Exercise directions »
Retype the records below exactly as they appear, but leave out any pictures.

Information supplied »
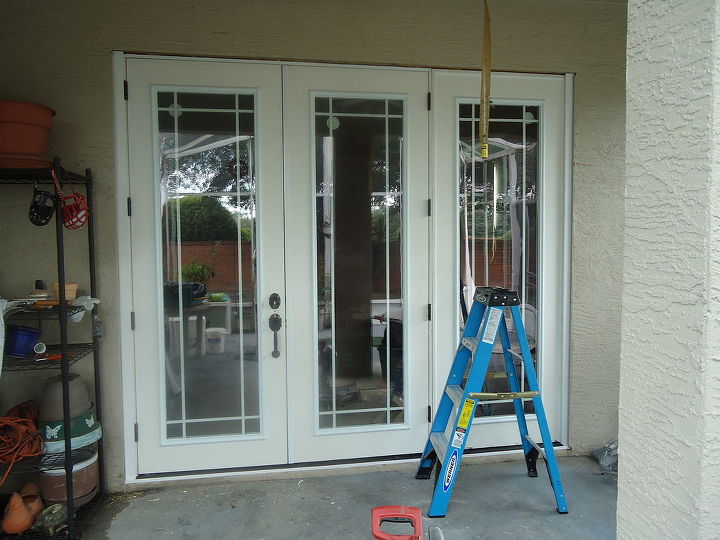 we had a huge 3 panel sliding glass door that wouldn t seal was off of it s track it, French doors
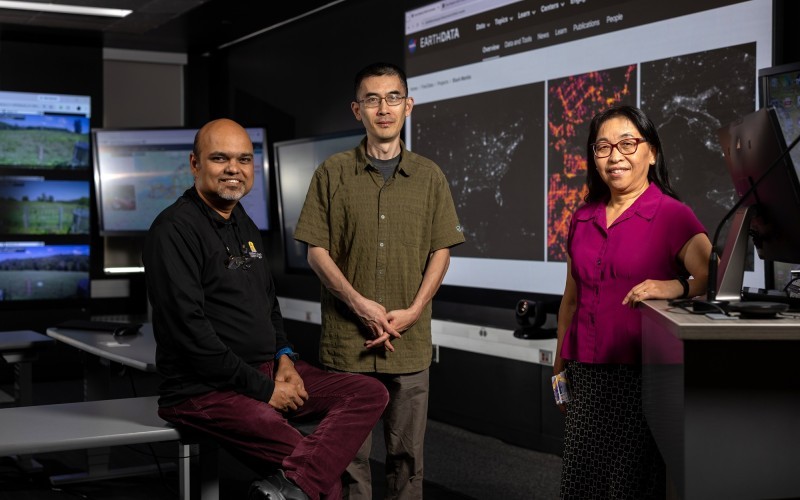 UAlbany researchers stand in front of screens inside the xCITE Laboratory at ETEC.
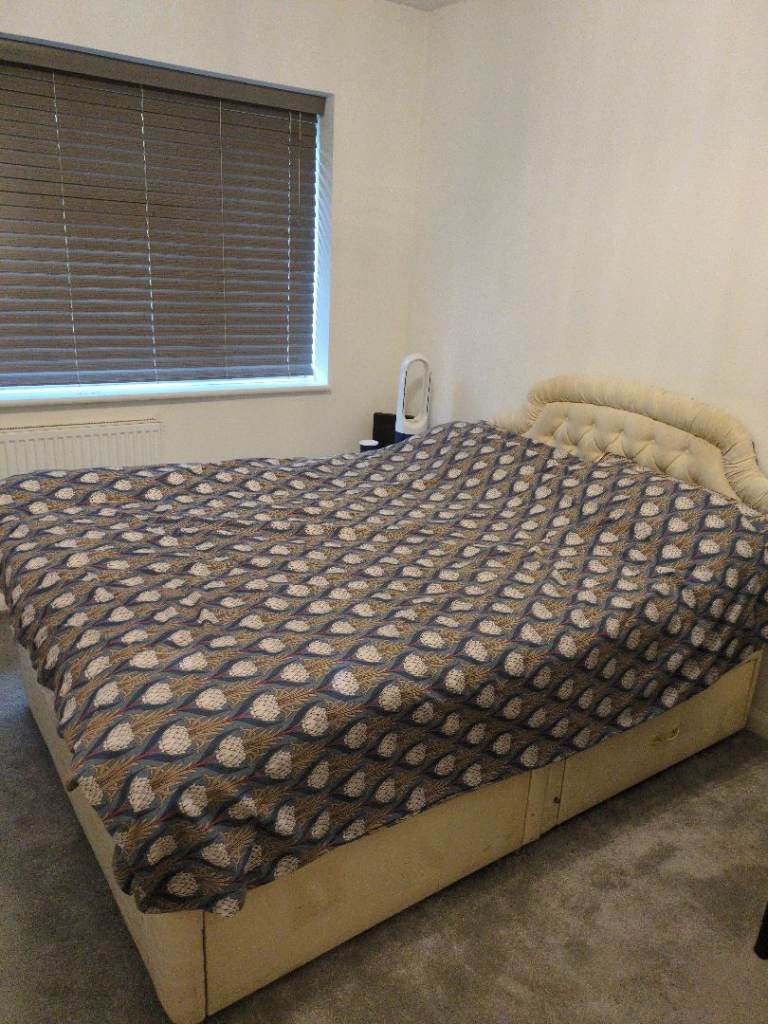 Free double bed with storage draws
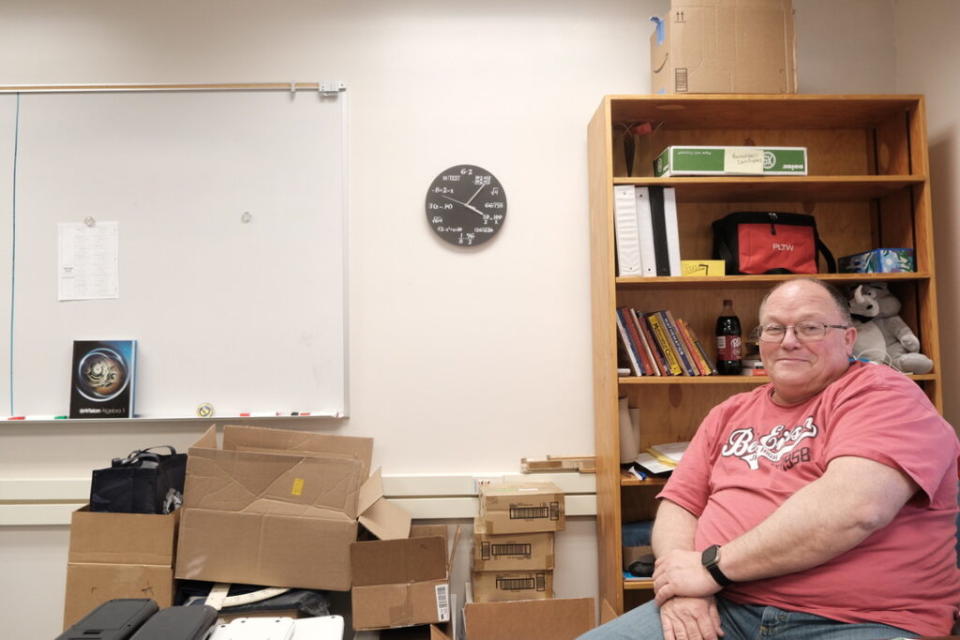 Math teacher Steve Mosley sits in his classroom at Ben Eielson Junior Senior High School on April 22, 2024. He has mostly packed his materials in anticipation of moving to North Pole HIgh School next year. "Very sad to see the school close. It had a really important impact in the community and especially on base kids. They come in and out of here every three years for the most part, so it was a good place for them to gather with their peers the smaller school environment," he said. (Photo by Claire Stremple/Alaska Beacon)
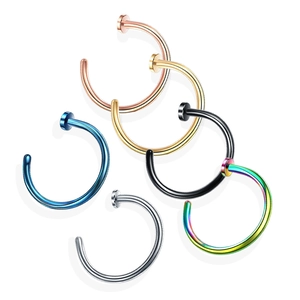 Detailed close-up of six-piece set of multicolored C-shaped stainless steel nose rings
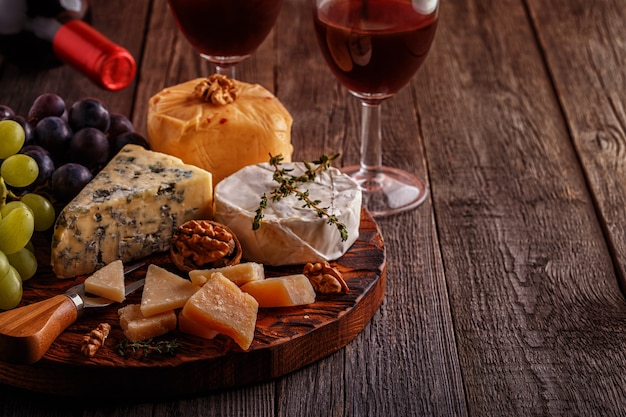 Cheese, nuts, grapes, and red wine on wooden background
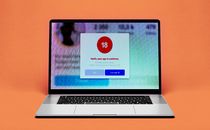 Photo illustration of laptop with a pop-up of an age-confirmation warning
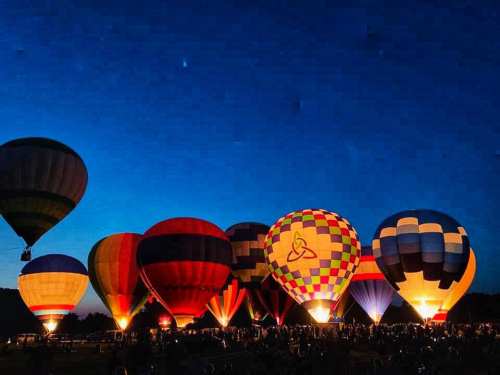 Colorful hot air balloons illuminated against a twilight sky, with a crowd gathered below.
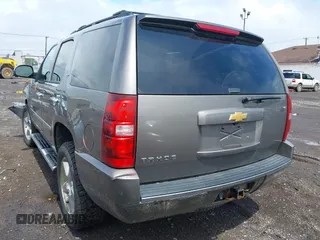 2013 Chevrolet Tahoe LTZ with VIN 1GNSKCE0XDR373858, listed as a IAAI auction lot 42456875 with 297,084 mi miles and . Bid and sale history available at DreamBid. Image 3.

Result »
 we had a huge 3 panel sliding glass door that wouldn t seal was off of it s track it, French doors
 UAlbany researchers stand in front of screens inside the xCITE Laboratory at ETEC.
 Free double bed with storage draws
 Math teacher Steve Mosley sits in his classroom at Ben Eielson Junior Senior High School on April 22, 2024. He has mostly packed his materials in anticipation of moving to North Pole HIgh School next year. "Very sad to see the school close. It had a really important impact in the community and especially on base kids. They come in and out of here every three years for the most part, so it was a good place for them to gather with their peers the smaller school environment," he said. (Photo by Claire Stremple/Alaska Beacon)
 Detailed close-up of six-piece set of multicolored C-shaped stainless steel nose rings
 Cheese, nuts, grapes, and red wine on wooden background
 Photo illustration of laptop with a pop-up of an age-confirmation warning
 Colorful hot air balloons illuminated against a twilight sky, with a crowd gathered below.
 2013 Chevrolet Tahoe LTZ with VIN 1GNSKCE0XDR373858, listed as a IAAI auction lot 42456875 with 297,084 mi miles and . Bid and sale history available at DreamBid. Image 3.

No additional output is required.